For organizations that operate under special government regulations requiring the board to approve specific items that may have been delegated to your staff, approval of a summary report on these items can also be put on a consent agenda. For example, government departments of education often require that the school board approve all hirings in the district, even if it’s the superintendent and school principals that actually do the interviewing and selection. The superintendent can provide a list of ‘recommended’ new hires in the board’s pre-meeting package and board approval can become part of the consent agenda.
The joy of consent agendas is that all of these items, maybe 5, 10, or 15 items, can be voted on at once. This does require that board members get background information ahead of time so that board members are truly informed before voting. At the board meeting, Bill can say “I move acceptance of the consent agenda items”; Mary says “I second”; the chair asks if there is any discussion, and if none, the vote is taken. When this motion quickly passes, the board goes on to agenda items that really require their time. Often a handful or long list of agenda items can be been handled in less than a minute.
I know that some of you have already discarded this consent agenda concept because you think there are bound to be things in some of these reports that will require discussion. It’s okay; there’s a simple way to have your concerns addressed. If there are items on the consent agenda that you believe need some board time, when the Chair asks for discussion on the consent agenda motion you move an amendment to take those specific items off the consent agenda and make them separate agenda items. As you proceed through the revised agenda there will be opportunities for the necessary clarification and discussion.
Have you ever experienced taking 20 or 30 minutes to get through the financial report even though there were no real concerns? Or an exciting achievement was mentioned in a community relations committee report that the committee members just wanted the board to know about, yet it ate up 15 minutes of precious time.
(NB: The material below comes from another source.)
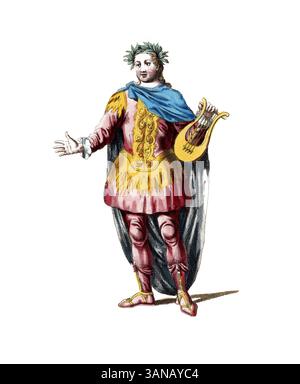 Vêtements historiques, histoire de la mode, figure symbolique pour Apollon, Apollon, dans la mythologie grecque et romaine le Dieu de la lumière, du printemps, de la pureté morale et de la tempérance, ainsi que la prophétie et les arts, reproduction restaurée numériquement d'un original du XVIIIe/XIXe siècle, date exacte inconnue Banque D'Images
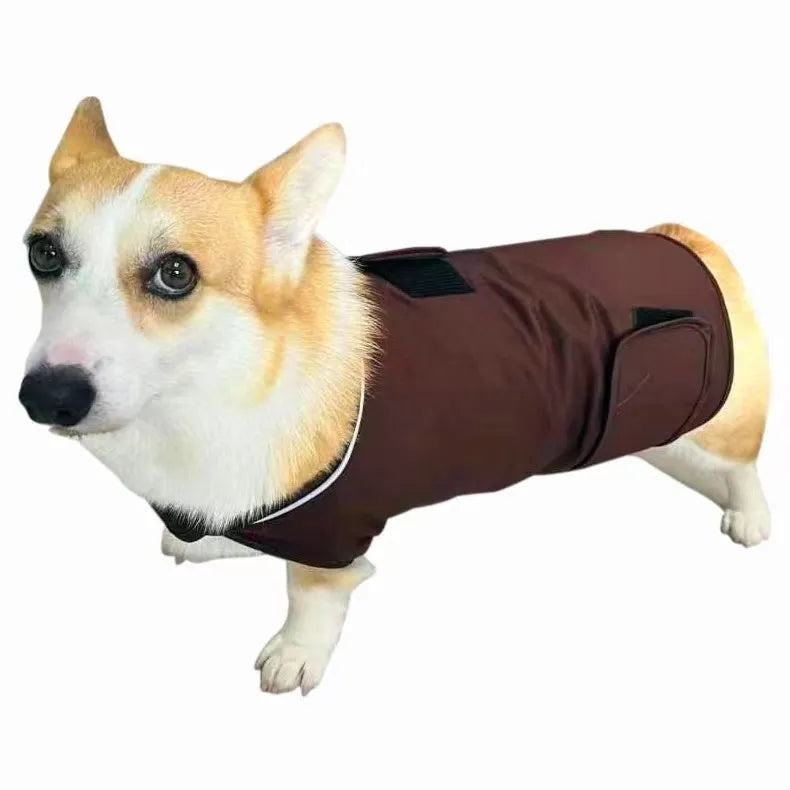 Dog wearing brown cotton calming tank top for separation anxiety relief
With a few such agenda items, you have discussed relatively innocuous things and the two hours you had allocated for the board meeting are gone. That’s where there’s joy in consent agendas. As long as the pre-meeting reports don’t cause the board members concern, the long list of fairly standard things can be handled in a minute, which leaves the rest of the board meeting for meaningful discussion on unresolved issues that will materially affect the organization’s future. I encourage you to use a consent agenda for your next board meeting. It will be a wonderful tool in your pathway to governance excellence.